• [Material supplied]
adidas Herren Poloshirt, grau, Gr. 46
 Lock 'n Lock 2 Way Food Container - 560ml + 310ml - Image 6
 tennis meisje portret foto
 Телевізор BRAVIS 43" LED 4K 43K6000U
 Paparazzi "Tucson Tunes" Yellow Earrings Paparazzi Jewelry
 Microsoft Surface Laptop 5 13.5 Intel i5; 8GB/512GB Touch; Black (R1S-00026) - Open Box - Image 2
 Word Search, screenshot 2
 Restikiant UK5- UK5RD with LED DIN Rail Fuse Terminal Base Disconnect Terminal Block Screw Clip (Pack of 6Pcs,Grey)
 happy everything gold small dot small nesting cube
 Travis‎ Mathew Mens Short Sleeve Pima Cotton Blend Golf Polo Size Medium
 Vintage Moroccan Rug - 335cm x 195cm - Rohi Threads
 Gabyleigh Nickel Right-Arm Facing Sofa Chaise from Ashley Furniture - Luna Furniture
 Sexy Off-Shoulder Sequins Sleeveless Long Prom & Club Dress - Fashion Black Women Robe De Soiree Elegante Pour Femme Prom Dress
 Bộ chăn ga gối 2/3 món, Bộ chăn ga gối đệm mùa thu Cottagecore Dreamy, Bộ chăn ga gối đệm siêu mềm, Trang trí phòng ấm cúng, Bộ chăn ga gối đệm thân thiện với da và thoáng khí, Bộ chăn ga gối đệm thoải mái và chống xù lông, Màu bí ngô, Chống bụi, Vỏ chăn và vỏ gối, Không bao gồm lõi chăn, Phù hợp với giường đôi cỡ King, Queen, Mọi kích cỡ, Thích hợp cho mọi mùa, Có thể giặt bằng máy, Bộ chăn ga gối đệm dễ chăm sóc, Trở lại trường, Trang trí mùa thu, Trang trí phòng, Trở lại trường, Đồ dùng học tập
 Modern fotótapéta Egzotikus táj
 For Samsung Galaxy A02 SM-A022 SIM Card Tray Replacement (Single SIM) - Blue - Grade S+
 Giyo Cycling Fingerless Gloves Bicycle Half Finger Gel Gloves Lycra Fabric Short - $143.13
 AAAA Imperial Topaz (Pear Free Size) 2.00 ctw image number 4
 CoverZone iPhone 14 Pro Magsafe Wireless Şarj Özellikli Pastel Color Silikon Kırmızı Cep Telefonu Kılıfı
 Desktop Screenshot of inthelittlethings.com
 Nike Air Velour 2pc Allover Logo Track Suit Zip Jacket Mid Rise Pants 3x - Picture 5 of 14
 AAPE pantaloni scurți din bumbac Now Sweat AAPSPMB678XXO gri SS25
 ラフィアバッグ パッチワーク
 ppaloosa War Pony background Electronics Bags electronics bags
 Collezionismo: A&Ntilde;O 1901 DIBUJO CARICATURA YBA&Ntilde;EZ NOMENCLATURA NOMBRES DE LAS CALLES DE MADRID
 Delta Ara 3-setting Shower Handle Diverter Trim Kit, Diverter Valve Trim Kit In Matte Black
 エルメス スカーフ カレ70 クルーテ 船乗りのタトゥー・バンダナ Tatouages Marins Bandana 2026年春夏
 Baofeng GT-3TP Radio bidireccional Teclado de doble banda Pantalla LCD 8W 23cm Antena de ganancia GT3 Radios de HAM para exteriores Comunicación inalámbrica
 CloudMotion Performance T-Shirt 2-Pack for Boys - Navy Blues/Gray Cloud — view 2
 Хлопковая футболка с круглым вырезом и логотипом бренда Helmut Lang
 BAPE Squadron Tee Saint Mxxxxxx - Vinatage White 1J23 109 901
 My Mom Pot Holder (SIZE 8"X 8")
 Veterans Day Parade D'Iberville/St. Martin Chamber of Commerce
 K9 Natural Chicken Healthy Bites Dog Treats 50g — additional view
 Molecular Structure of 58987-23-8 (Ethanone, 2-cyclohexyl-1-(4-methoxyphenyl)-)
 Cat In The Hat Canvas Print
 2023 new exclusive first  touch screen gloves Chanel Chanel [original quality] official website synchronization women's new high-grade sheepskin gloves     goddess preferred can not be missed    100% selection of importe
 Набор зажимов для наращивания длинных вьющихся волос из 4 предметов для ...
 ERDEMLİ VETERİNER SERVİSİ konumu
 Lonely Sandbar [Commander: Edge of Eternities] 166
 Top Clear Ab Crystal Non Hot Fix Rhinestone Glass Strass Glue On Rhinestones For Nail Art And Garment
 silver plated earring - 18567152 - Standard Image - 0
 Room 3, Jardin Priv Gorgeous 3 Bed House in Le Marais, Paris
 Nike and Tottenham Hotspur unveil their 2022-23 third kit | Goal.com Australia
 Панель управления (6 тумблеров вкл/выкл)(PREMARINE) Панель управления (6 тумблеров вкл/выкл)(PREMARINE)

• [What the task requires] All lines from the one containing "Lonely Sandbar [Commander: Edge" through the end of the records, both ends included, are to be quoted exactly; please add nothing else.

• [Your response]
 Lonely Sandbar [Commander: Edge of Eternities] 166
 Top Clear Ab Crystal Non Hot Fix Rhinestone Glass Strass Glue On Rhinestones For Nail Art And Garment
 silver plated earring - 18567152 - Standard Image - 0
 Room 3, Jardin Priv Gorgeous 3 Bed House in Le Marais, Paris
 Nike and Tottenham Hotspur unveil their 2022-23 third kit | Goal.com Australia
 Панель управления (6 тумблеров вкл/выкл)(PREMARINE) Панель управления (6 тумблеров вкл/выкл)(PREMARINE)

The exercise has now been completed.